Some people have an easier time defying their parents than others. My roommate, who was already eighteen when she arrived at school, asked me in July if I would go with her to get her nose pierced—her parents didn’t want her to get it done, but she was desperate. Her parents told her they thought facial piercings looked trashy, but they wouldn’t know until Thanksgiving, so we went into Northampton together. I held her hand as a piercer put a small silver hoop through her nostril.

As of 2010, of people between the ages of 18 and 29, 38 percent have a tattoo and 23 percent a non-earlobe piercing. Still, the debate over body art rages on. Many employed adults feel the need to keep their tattoos covered at work and consider what one should keep hidden from a prospective employer during an interview.

Some tattoos are purely meant to adorn the body, but others have deeper meaning. For example, Project Semicolon is an organization whose aim is to spread awareness of suicide and mental illness by opening up conversations with body art. One of the ways this can be achieved is through tattoos of semicolons—they symbolize times when an author could have ended a sentence (their life) but instead chose to keep going. People have for years also been getting tattoos of friends and loved ones who have passed away, tattoos to remind them to stay sober or tattoos which help them remember family that is still with them. These tattoos, no matter how meaningful, might be affecting job prospects (there’s little concrete data). But tattoos, regardless of their meaning, don’t make one more or less deserving of a job.

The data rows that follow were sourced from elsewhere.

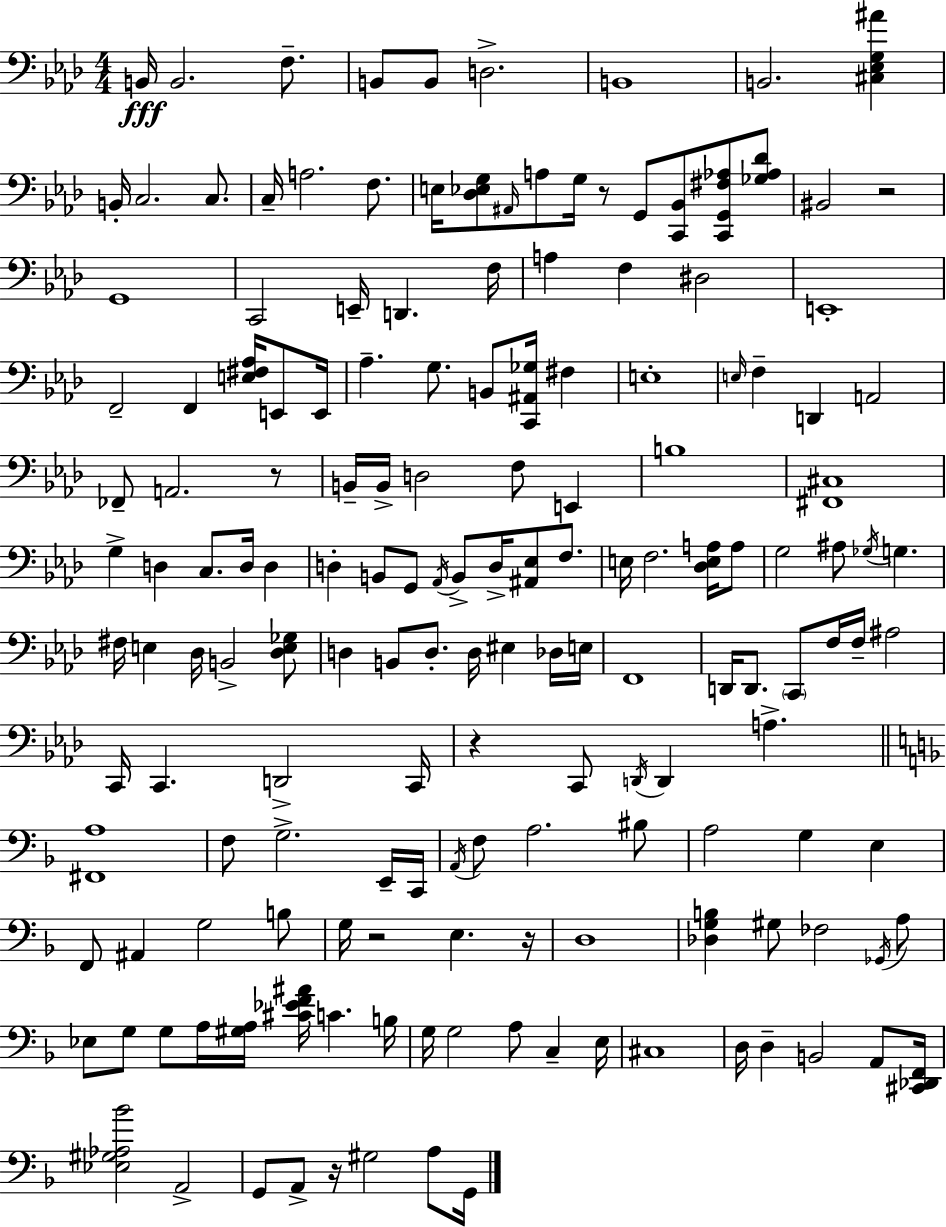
{
  \clef bass
  \numericTimeSignature
  \time 4/4
  \key f \minor
  b,16\fff b,2. f8.-- | b,8 b,8 d2.-> | b,1 | b,2. <cis ees g ais'>4 | \break b,16-. c2. c8. | c16-- a2. f8. | e16 <des ees g>8 \grace { ais,16 } a8 g16 r8 g,8 <c, bes,>8 <c, g, fis aes>8 <ges aes des'>8 | bis,2 r2 | \break g,1 | c,2 e,16-- d,4. | f16 a4 f4 dis2 | e,1-. | \break f,2-- f,4 <e fis aes>16 e,8 | e,16 aes4.-- g8. b,8 <c, ais, ges>16 fis4 | e1-. | \grace { e16 } f4-- d,4 a,2 | \break fes,8-- a,2. | r8 b,16-- b,16-> d2 f8 e,4 | b1 | <fis, cis>1 | \break g4-> d4 c8. d16 d4 | d4-. b,8 g,8 \acciaccatura { aes,16 } b,8-> d16-> <ais, ees>8 | f8. e16 f2. | <des e a>16 a8 g2 ais8 \acciaccatura { ges16 } g4. | \break fis16 e4 des16 b,2-> | <des e ges>8 d4 b,8 d8.-. d16 eis4 | des16 e16 f,1 | d,16 d,8. \parenthesize c,8 f16 f16-- ais2 | \break c,16 c,4. d,2-> | c,16 r4 c,8 \acciaccatura { d,16 } d,4 a4.-> | \bar "||" \break \key d \minor <fis, a>1 | f8 g2.-> e,16-- c,16 | \acciaccatura { a,16 } f8 a2. bis8 | a2 g4 e4 | \break f,8 ais,4 g2 b8 | g16 r2 e4. | r16 d1 | <des g b>4 gis8 fes2 \acciaccatura { ges,16 } | \break a8 ees8 g8 g8 a16 <gis a>16 <cis' ees' f' ais'>16 c'4. | b16 g16 g2 a8 c4-- | e16 cis1 | d16 d4-- b,2 a,8 | \break <cis, des, f,>16 <ees gis aes bes'>2 a,2-> | g,8 a,8-> r16 gis2 a8 | g,16 \bar "|."
}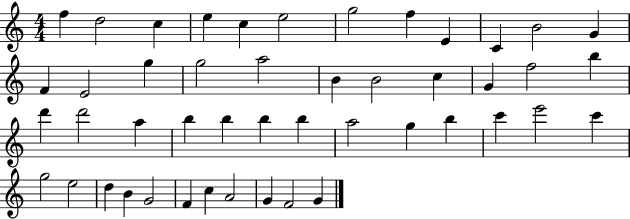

Things are looking more promising for soon-to-be and recent graduates, but how secure can they be if they don’t know whether their tattoos will bar them from employment? There is little concrete data on whether tattoos actually affect employment, since the whole thing is subjective, but there are plenty of anecdotes on the subject. With so many millennials finding new and creative ways to decorate their bodies, it can certainly be frightening to send out applications or sit for interviews.

The odds may seem to be stacked against pierced and tattooed millennials, but I hope that things will improve with time. Right now, there are doctors and engineers and teachers with full sleeves of tattoos who are great at their jobs. It’s unfortunate, but the responsibility to show employers that our body art has nothing to do with our capability falls on us, the applicants.

Sophie Allen is a Collegian columnist and can be reached at siallen@umass.edu.

Comments
One Response to “Leave millennials alone about their piercings and tattoos”
  1. Tomahawk4040 says:

    Is anyone bothering millenials about tattoos? Seems like a made-up problem. Fact is, everyone, even “open-minded” millenials, judge everything they meet within the first 10 seconds or so. It’s called a first impression and those psychology majors will recognize it as a powerful force that most people are unable or unwilling to overcome. Just like freedom of speech carries consequences if speech is unpopular, so does personal appearance. So when you mark up your body with graffiti like an old New York subway car from the 70s, don’t expect people to have an exalted impression of you. Especially those offering you a job, who don’t have the slightest interest in “getting to know the person inside.” What I see now is many of my peers (who began the tattoo craze in the early 1990s) severely regretting their decisions. That awesome tattoo doesn’t look so great 20 years from now. Wrinkly skin, changing life attitudes, or having a child can do a lot. Just ask a million women who got the ever popular “tramp stamp” in the late 90s. Or the cute butt tattoo that only “special people” get to see once your butt is 3x the size it is now. Not cute. As for artistic expression, those extreme ear piercings (you know, with those really, really cool bottle caps or whatever stretching out earlobes) have caused an epidemic of reconstructive surgery that are making cosmetic surgeons rich and the people who got them disfigured for life. There are a lot of reasons not to get tattoos and extreme piercings. The way you will be treated by a potential employer is certainly a valid one. But consider your future self who may be really embarrassed by that dumb tattoo located in a terrible spot. Sometimes a bad idea is just a bad idea.